Work to be completed: After locating the line that contains "Trails of Light in the Night Sky" in the records below, write out exactly that line and each line after it through the one that contains "Electric Self-Inflating Camping", and nothing else.

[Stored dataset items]
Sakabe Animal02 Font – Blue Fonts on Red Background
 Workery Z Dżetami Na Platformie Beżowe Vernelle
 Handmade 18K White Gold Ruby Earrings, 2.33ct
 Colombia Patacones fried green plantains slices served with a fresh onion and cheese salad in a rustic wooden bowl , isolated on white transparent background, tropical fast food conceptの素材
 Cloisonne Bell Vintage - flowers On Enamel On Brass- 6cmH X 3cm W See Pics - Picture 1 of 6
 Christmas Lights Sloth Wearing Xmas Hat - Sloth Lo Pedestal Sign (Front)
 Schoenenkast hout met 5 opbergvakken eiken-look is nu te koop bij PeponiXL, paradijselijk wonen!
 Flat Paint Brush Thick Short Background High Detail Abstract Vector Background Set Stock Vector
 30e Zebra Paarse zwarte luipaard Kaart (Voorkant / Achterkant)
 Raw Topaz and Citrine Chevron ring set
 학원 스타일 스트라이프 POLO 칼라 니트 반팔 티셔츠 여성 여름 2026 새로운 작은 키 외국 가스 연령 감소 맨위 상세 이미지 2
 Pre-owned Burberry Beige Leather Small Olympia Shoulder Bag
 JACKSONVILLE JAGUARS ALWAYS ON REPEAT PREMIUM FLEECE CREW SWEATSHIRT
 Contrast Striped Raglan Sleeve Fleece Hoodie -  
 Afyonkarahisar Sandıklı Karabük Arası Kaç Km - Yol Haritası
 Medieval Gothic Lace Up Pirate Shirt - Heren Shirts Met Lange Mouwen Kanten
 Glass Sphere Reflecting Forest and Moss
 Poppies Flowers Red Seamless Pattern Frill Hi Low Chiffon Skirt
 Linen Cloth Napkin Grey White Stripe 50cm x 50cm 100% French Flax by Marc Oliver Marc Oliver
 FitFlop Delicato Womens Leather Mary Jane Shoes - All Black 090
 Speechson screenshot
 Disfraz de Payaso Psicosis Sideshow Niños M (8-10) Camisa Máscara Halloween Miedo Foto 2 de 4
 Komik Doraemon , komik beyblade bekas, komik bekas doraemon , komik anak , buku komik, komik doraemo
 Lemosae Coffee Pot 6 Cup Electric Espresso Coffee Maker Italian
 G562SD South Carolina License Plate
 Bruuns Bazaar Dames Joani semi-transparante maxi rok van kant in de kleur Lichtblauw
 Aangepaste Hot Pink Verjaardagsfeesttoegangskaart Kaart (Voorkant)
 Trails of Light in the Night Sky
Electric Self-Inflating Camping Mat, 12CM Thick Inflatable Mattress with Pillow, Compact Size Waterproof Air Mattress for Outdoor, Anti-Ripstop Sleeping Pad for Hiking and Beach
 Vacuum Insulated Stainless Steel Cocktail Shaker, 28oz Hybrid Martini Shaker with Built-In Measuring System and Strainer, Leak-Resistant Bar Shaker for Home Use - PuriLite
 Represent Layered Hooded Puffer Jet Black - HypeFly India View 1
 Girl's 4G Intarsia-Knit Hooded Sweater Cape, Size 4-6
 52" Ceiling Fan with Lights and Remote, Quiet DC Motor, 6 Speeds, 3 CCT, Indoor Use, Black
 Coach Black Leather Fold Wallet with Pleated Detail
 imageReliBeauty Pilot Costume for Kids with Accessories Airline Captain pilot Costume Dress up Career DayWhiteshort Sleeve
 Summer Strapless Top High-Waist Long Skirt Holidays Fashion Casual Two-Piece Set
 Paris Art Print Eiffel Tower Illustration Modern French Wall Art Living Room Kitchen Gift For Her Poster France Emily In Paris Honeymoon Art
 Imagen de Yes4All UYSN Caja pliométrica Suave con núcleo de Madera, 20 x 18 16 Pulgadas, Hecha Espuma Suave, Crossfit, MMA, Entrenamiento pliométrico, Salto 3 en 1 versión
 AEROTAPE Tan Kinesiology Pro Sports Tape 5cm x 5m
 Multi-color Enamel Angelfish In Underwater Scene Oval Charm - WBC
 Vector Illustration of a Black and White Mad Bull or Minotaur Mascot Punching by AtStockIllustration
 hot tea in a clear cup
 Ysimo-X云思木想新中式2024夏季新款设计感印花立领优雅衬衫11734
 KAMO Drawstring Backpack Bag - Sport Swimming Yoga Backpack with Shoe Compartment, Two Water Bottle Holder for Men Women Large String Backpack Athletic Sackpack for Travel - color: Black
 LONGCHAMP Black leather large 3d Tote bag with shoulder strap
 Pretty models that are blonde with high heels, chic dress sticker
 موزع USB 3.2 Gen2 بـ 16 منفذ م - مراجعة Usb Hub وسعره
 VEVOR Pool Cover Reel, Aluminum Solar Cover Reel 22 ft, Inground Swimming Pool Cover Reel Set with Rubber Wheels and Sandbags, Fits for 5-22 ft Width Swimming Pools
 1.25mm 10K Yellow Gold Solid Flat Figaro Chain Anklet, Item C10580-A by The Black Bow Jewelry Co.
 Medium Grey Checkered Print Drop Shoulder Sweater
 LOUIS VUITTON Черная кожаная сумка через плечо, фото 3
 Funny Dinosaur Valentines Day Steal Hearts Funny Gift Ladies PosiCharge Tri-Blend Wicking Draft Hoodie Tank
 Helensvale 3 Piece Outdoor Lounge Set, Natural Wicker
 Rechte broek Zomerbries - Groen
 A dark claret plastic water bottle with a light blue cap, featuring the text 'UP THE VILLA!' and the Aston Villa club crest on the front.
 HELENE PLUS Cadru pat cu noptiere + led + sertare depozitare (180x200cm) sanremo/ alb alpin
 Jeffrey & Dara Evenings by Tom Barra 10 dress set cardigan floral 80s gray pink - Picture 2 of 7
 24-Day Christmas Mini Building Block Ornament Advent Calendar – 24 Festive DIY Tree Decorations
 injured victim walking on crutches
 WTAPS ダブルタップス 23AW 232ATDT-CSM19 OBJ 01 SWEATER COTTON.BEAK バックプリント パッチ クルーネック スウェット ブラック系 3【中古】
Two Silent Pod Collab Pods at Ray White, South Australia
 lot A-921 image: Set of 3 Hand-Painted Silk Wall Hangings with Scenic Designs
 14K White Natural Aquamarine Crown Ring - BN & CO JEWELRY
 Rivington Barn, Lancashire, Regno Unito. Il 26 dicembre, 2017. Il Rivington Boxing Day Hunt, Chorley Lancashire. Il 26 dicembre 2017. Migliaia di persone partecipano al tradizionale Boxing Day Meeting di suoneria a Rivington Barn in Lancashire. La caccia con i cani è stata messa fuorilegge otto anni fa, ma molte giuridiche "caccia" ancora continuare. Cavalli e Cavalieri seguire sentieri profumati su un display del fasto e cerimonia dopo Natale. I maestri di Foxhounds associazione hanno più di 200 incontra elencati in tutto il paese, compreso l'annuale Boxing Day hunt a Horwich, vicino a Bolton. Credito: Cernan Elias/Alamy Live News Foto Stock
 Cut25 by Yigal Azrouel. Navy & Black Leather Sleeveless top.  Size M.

Solution for this problem:
 Trails of Light in the Night Sky
Electric Self-Inflating Camping Mat, 12CM Thick Inflatable Mattress with Pillow, Compact Size Waterproof Air Mattress for Outdoor, Anti-Ripstop Sleeping Pad for Hiking and Beach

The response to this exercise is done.